Al cabo de unas horas el director de la delegación entró con unas palabras triunfales: “Han retrasado la edición para insertar tu artículo, Sergio, ya que cuentan que el Comandante lo leyó y preguntó en el periódico cómo no lo habían publicado todavía”.

En aquel momento, el Festival buscaba extender su prestigio por Europa y el artículo del enviado especial de la Agencia France Presse  podía ayudar a dar un empujón decisivo a la reputación del cine que se fraguaba en La Habana ante los productores europeos.

Cuando a la hora de almorzar me encontré con más tranquilidad con Chango, le referí toda aquella teoría.

Chango me sonrió dos veces, lo que era en él algo extremadamente inusitado.

Y cuando días después me llegó una invitación para asistir a una recepción en el Palacio de la Revolución, también más que sorprendente, Chango tampoco comentó nada.  Pero la noche anterior me había preguntado si en mi maleta viajaba alguna corbata.

Nunca supe si fue el Comandante o Chango quien avisó a Granma del “valor estratégico” de mi crónica para Cuba.

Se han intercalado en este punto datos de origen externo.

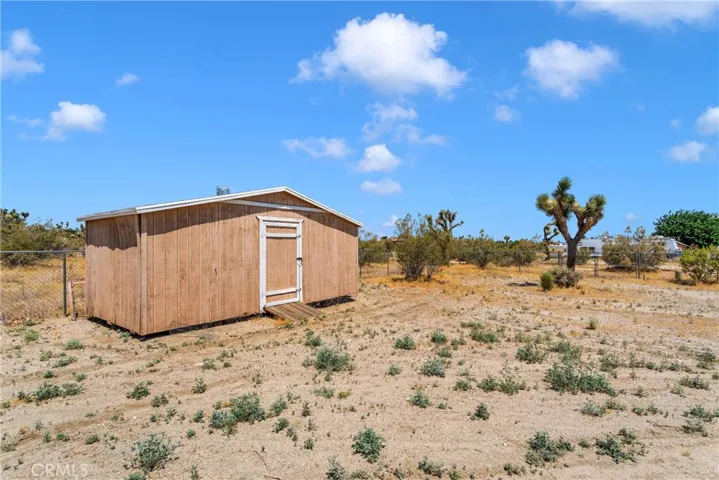 12170 Alta Vista Road, Pinon Hills, California 92372
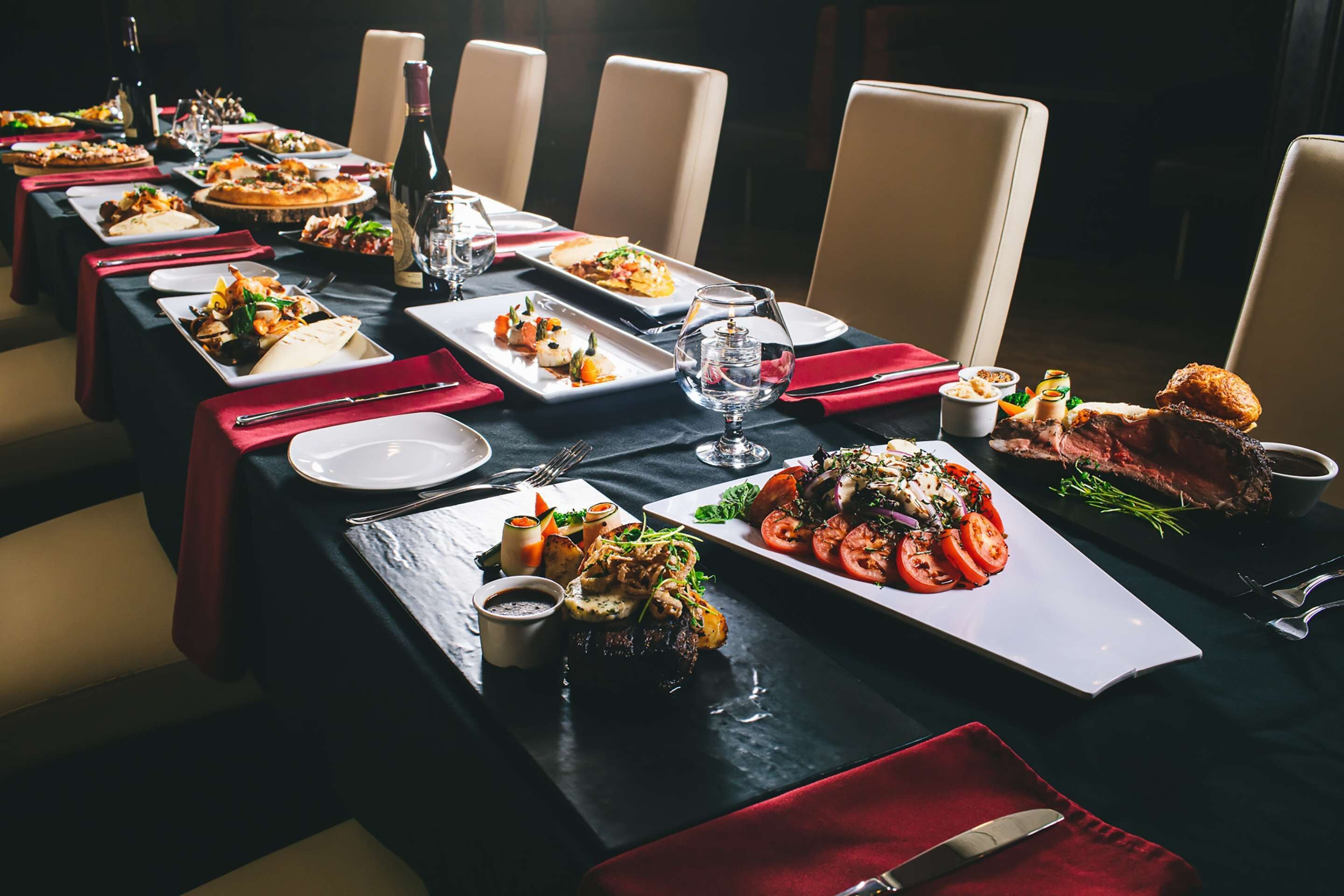 2 nhà hàng, phục vụ bữa trưa, bữa tối, món Ý 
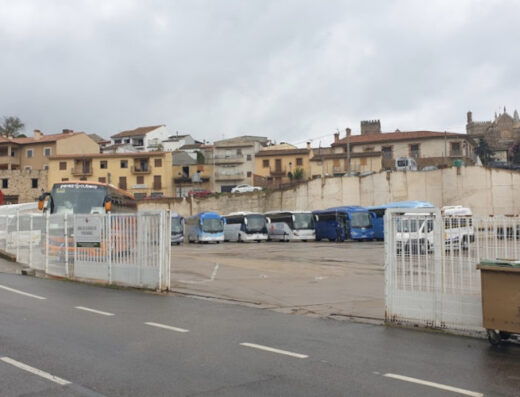 Parking pernocta autocaravanas en Guadalupe, Cáceres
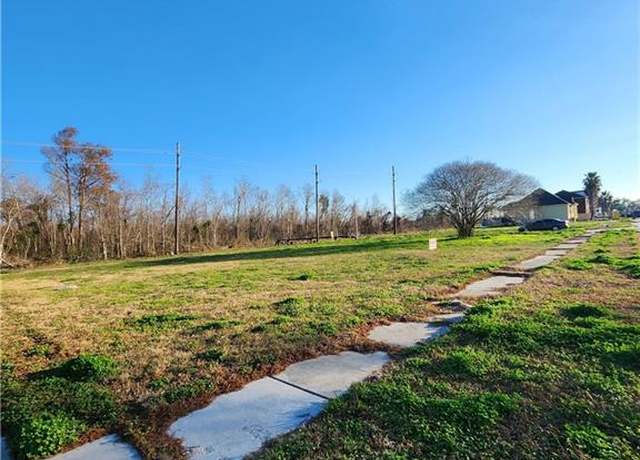 Property at 4001 Kings Dr, Chalmette, LA 70043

Y nunca lo sabré.

Y creo que si le hubiese apretado las tuercas, Chango me habría sacado su sonrisa cínica número 32 y hubiese podido replicarme al estilo de aquel legendario primer ministro europeo: “Sergio, ¿crees de veras que yo habría sido capaz de hacer algo como eso? “.

Siguieron años de mucho ron y más flores hasta llegar a 1993, cuando el cine cubano alcanzó un momento de gracia, ese éxtasis que no se alcanza más que una vez en varias vidas, gracias a una de sus mejores películas jamás fraguadas en Cuba, “Fresa y chocolate”.

Veinte años después, lo que más me llega de La Habana es un ensordecedor concierto del más profundo e inquietante silencio. Casi todos mis amigos han muerto. Y los pocos que me quedan tienen la línea ocupada.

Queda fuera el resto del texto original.